* [Work task]:
Please return the entries, omitting and altering nothing.

--- Given data ---

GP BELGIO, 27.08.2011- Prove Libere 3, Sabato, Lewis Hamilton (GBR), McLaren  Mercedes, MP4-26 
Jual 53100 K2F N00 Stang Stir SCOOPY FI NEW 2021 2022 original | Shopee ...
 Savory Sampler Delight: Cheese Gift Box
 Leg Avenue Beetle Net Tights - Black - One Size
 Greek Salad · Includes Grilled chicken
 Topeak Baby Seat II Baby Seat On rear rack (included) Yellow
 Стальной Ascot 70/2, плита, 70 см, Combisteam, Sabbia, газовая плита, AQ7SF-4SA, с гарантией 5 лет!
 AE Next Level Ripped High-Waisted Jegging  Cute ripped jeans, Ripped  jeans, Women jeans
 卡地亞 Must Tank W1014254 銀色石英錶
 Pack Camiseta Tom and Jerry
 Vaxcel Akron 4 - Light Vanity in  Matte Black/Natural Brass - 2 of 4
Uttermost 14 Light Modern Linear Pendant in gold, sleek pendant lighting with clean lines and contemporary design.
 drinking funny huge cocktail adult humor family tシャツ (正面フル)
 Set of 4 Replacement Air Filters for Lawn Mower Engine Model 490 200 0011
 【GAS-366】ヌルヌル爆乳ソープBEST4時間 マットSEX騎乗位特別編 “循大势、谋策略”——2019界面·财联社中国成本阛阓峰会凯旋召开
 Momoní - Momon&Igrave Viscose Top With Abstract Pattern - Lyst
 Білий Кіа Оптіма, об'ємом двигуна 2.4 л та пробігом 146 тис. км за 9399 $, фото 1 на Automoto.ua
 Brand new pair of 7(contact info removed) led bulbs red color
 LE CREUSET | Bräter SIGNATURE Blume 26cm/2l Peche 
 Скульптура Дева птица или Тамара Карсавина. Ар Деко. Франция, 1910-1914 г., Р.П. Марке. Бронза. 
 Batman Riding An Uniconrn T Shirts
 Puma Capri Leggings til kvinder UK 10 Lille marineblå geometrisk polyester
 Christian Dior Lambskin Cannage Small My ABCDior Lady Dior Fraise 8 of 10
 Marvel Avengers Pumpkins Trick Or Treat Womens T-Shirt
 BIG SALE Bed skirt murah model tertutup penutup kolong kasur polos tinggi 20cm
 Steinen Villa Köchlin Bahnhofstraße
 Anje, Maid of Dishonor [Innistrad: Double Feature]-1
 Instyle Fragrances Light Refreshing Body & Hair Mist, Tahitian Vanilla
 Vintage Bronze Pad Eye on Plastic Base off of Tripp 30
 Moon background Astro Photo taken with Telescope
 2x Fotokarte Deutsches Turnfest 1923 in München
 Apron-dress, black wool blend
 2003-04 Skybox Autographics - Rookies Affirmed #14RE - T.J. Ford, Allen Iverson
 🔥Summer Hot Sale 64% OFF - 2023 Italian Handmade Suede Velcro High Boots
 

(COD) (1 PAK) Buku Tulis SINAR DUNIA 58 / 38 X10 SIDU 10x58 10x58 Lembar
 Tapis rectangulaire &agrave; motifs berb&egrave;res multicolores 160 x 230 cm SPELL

---

* [Answer space]:
GP BELGIO, 27.08.2011- Prove Libere 3, Sabato, Lewis Hamilton (GBR), McLaren  Mercedes, MP4-26 
Jual 53100 K2F N00 Stang Stir SCOOPY FI NEW 2021 2022 original | Shopee ...
 Savory Sampler Delight: Cheese Gift Box
 Leg Avenue Beetle Net Tights - Black - One Size
 Greek Salad · Includes Grilled chicken
 Topeak Baby Seat II Baby Seat On rear rack (included) Yellow
 Стальной Ascot 70/2, плита, 70 см, Combisteam, Sabbia, газовая плита, AQ7SF-4SA, с гарантией 5 лет!
 AE Next Level Ripped High-Waisted Jegging  Cute ripped jeans, Ripped  jeans, Women jeans
 卡地亞 Must Tank W1014254 銀色石英錶
 Pack Camiseta Tom and Jerry
 Vaxcel Akron 4 - Light Vanity in  Matte Black/Natural Brass - 2 of 4
Uttermost 14 Light Modern Linear Pendant in gold, sleek pendant lighting with clean lines and contemporary design.
 drinking funny huge cocktail adult humor family tシャツ (正面フル)
 Set of 4 Replacement Air Filters for Lawn Mower Engine Model 490 200 0011
 【GAS-366】ヌルヌル爆乳ソープBEST4時間 マットSEX騎乗位特別編 “循大势、谋策略”——2019界面·财联社中国成本阛阓峰会凯旋召开
 Momoní - Momon&Igrave Viscose Top With Abstract Pattern - Lyst
 Білий Кіа Оптіма, об'ємом двигуна 2.4 л та пробігом 146 тис. км за 9399 $, фото 1 на Automoto.ua
 Brand new pair of 7(contact info removed) led bulbs red color
 LE CREUSET | Bräter SIGNATURE Blume 26cm/2l Peche 
 Скульптура Дева птица или Тамара Карсавина. Ар Деко. Франция, 1910-1914 г., Р.П. Марке. Бронза. 
 Batman Riding An Uniconrn T Shirts
 Puma Capri Leggings til kvinder UK 10 Lille marineblå geometrisk polyester
 Christian Dior Lambskin Cannage Small My ABCDior Lady Dior Fraise 8 of 10
 Marvel Avengers Pumpkins Trick Or Treat Womens T-Shirt
 BIG SALE Bed skirt murah model tertutup penutup kolong kasur polos tinggi 20cm
 Steinen Villa Köchlin Bahnhofstraße
 Anje, Maid of Dishonor [Innistrad: Double Feature]-1
 Instyle Fragrances Light Refreshing Body & Hair Mist, Tahitian Vanilla
 Vintage Bronze Pad Eye on Plastic Base off of Tripp 30
 Moon background Astro Photo taken with Telescope
 2x Fotokarte Deutsches Turnfest 1923 in München
 Apron-dress, black wool blend
 2003-04 Skybox Autographics - Rookies Affirmed #14RE - T.J. Ford, Allen Iverson
 🔥Summer Hot Sale 64% OFF - 2023 Italian Handmade Suede Velcro High Boots
 

(COD) (1 PAK) Buku Tulis SINAR DUNIA 58 / 38 X10 SIDU 10x58 10x58 Lembar
 Tapis rectangulaire &agrave; motifs berb&egrave;res multicolores 160 x 230 cm SPELL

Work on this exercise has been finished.